Abraham went. He built the altar. He bound his son. He raised the knife.
And God stopped him: “Now I know that you fear God, seeing you have not withheld your son, your only son, from me.”
Abraham held even the promise with open hands. The thing he’d waited longest for, prayed hardest for, loved most deeply—he was willing to return it to the Giver.
This is the ultimate test of stewardship. Not holding loosely to things you don’t care about. Holding loosely to the thing you care about most. Because even that—especially that—came from God’s hand and remains under God’s authority.
God gave Isaac back. But Abraham didn’t know He would. Abraham walked up that mountain prepared to release what mattered most.
That’s the posture.
The Counterfeits Exposed
Now I see what I couldn’t see before.
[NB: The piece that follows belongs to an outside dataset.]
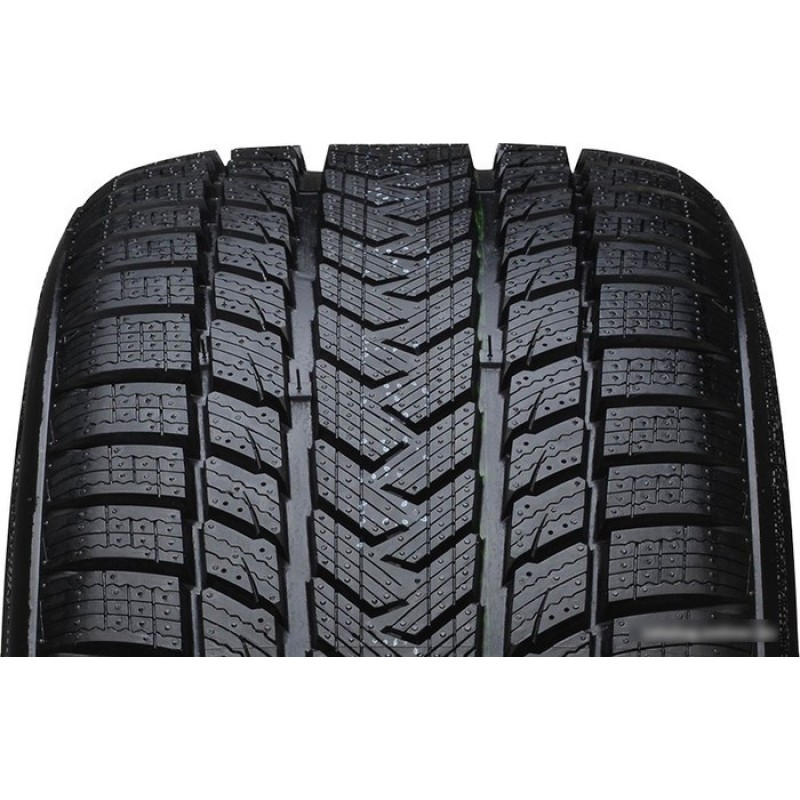 Gripmax SureGrip Pro Winter 325/35R22 114V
The counterfeits I’ve written about—prosperity, prestige, power—they’re not just sinful. They’re futile.
Prosperity-grasping assumes your accumulation creates security. But your accumulation never created security. God provides or doesn’t.
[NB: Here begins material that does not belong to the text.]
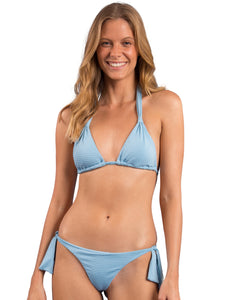 Gallery: Rio De Sol Conjunto Set Dots-Sky Mel Italy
Prestige-performing assumes your achievement creates worth. But your achievement never created worth. That question was settled at creation and confirmed at the cross.
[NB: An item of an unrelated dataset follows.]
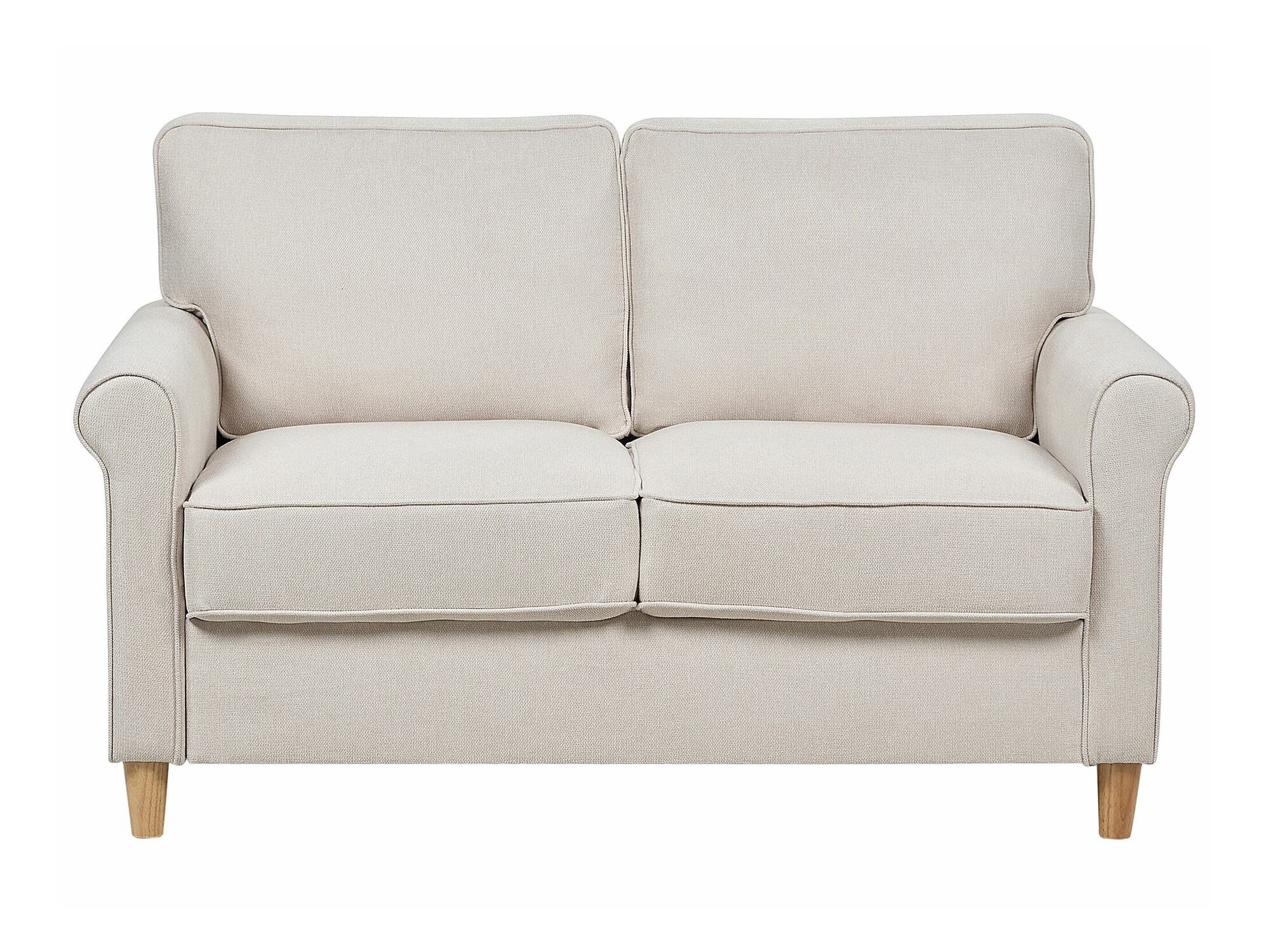 Kauč Berwyn 673 (Krem)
Power-clutching assumes your control creates outcomes. But your control never created outcomes. You were gripping a steering wheel that wasn’t connected to anything.
The counterfeits promise what they cannot deliver. They whisper that you’ll finally be secure, finally be significant, finally be in control—if you just grasp a little harder. But it never arrives. It was never going to.
When you stop believing the lie, the grip relaxes. Not through willpower. Through seeing clearly.
How This Actually Happens
I need to say this clearly: I didn’t achieve this posture. I couldn’t have. The owner-identity was too fused with my sense of self. You can’t unclench your own fists when you’re convinced your survival depends on your grip.
This is death and resurrection.
The old self—the self that found identity in building, security in accumulation, worth in achievement—that self has to die. And you can’t kill it. It’s too woven into everything you are.
But in Christ, you’ve already died. “I have been crucified with Christ. It is no longer I who live, but Christ who lives in me” (Galatians 2:20). The death has happened. The new self—the self that receives instead of grasps, trusts instead of controls, rests instead of strives—is being formed in you by the Spirit.
Christ’s own posture becomes available to you. He didn’t grasp equality with God but emptied Himself (Philippians 2:6-7). He received everything from the Father’s hand—His mission, His timing, His path, even the cup of suffering. “Not my will, but yours be done.”
United to Him, His trust becomes your trust. His open hands become your open hands. Not overnight. Not perfectly. But really.
The Freedom I’ve Found
A few years ago, circumstances outside my control reshaped my business dramatically. It felt like the ground giving way.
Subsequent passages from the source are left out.